Аграт приседать не стал – порода не та. Как человек вполне здравый, он оценил доказательства беззаконного наезда на Орден Отражения. И заодно попрания воли тана Руфеса. А также перспективы подхватить бациллу бесчестия от своего младшенького паскудника – смерть для местных баронов была куда, как предпочтительней. Этот мир гораздо беспощадней, жесточе к владетелям земель и судеб, чем мой собственный. Здесь каждый аграт мог лишиться наследственных имений по обвинению в бесчестье. В любой момент. Гордыня, воинственное сопротивление, самодовольство – весь этот немалый багаж нескольких поколений дворянской фамилии ушел водой в песок. Пришибленный мозг аграта лихорадочно метался в поисках выхода.

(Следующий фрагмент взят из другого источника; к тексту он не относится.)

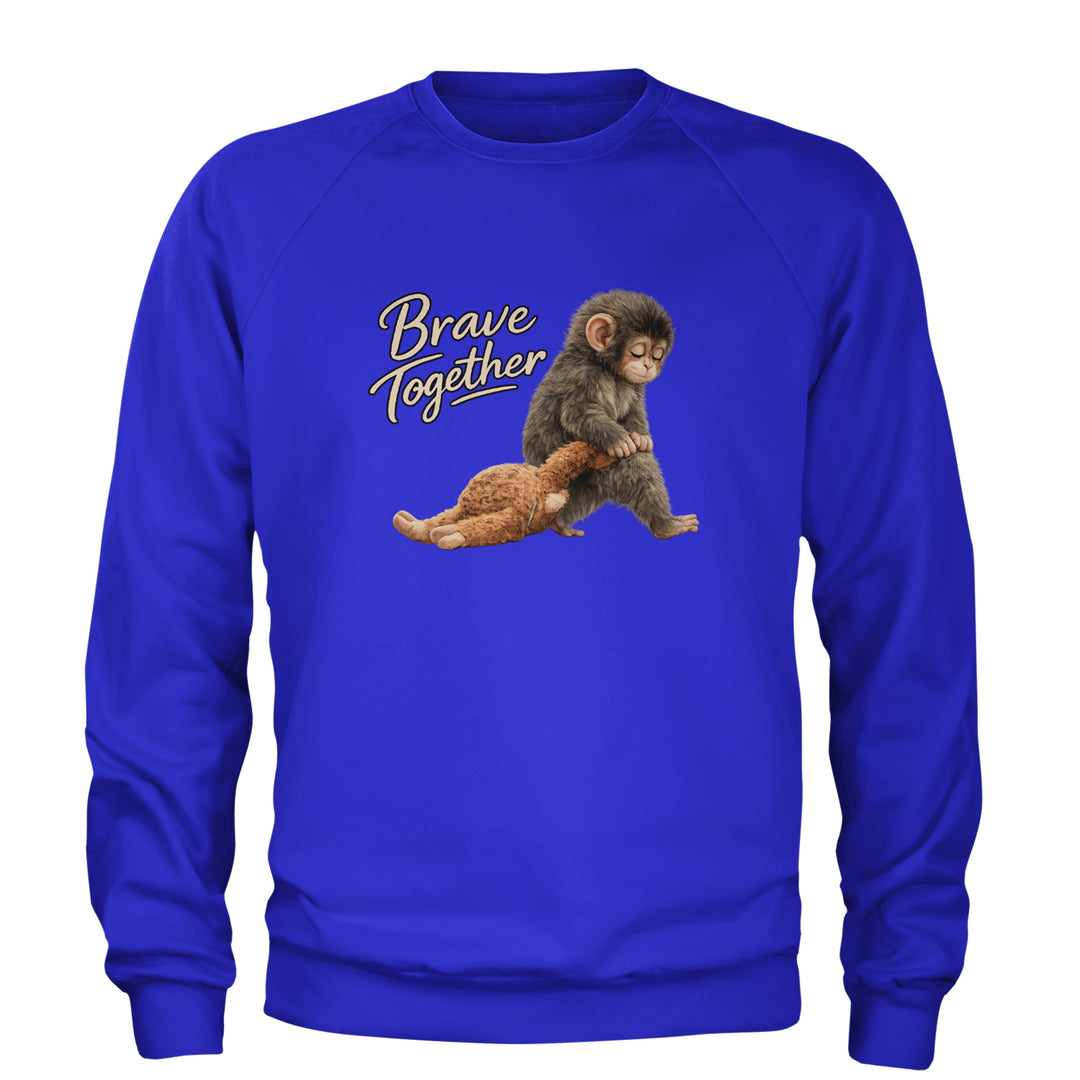 Punch Brave Together Stuffed Animal Adult Crewneck Sweatshirt Royal Blue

По натуре совершенно не мстительна. Я действительно нормальная. Мне обещали, будто на этих землях таких, как я, встречают почётом и уважением – накося выкуси! В первом же захолустном городишке на Внимающую наехал первый же сынок заштатного барона. И мне пришлось отвоёвывать свои права, что не слишком-то вдохновляет. Естественно, предпочтительней, чтобы папаша-аграт просто принёс извинения. Я бы моментально всех простила, и мы разошлись бы, забыв друг о друге на века.

Но, он упёрся намертво, а за гордыню приходится платить. Она для всех без исключения обходится дороже всего. Я дала ему время одуматься – он потратил его впустую, накручивая себя ещё больше. Я предоставила ему шанс вывернуться из неблаговидной истории с честью – он профукал его с неподражаемой лёгкостью. То ли привык грести последние шансы лопатой, уверившись в своей вседозволенности, то ли просто дурак. А репутацию Ордена требовалось блюсти. Тем более что девки сидят под крышей родной цитадели, а я шляюсь по белому свету в поисках ненужных мне, в принципе, вещей. И уродливую побродяжку всякий может обидеть – а вот хрен вам! Что там у нас, у орденоносных с чёрными метками? Как это меня учила Шарли?

– Орден Отражения всегда выступал против всяческого насилия, – замогильным голосом напомнила я присутствующим. – И я не стану нарушать его устоев. Все останется таким, как оно есть. Орден не прибегнет к обвинениям перед таном Руфеса, – цитировала я зазубренную формулу проклятья. – Орден Отражения в лице Внимающей именем Ксейя, лишает своего благословения тебя, аграт, и твою кровь, – барон всё понял и спал с лица. – Я накладываю на тебя тёмную стигму Ордена. И пусть боги сами покарают тебя своей волей в свой час. В лице Ордена Отражения ты лишаешься защиты, на которую имеет право всяк живущий. Ты не увидишь боле нашего лица, и мы не желаем видеть твоего.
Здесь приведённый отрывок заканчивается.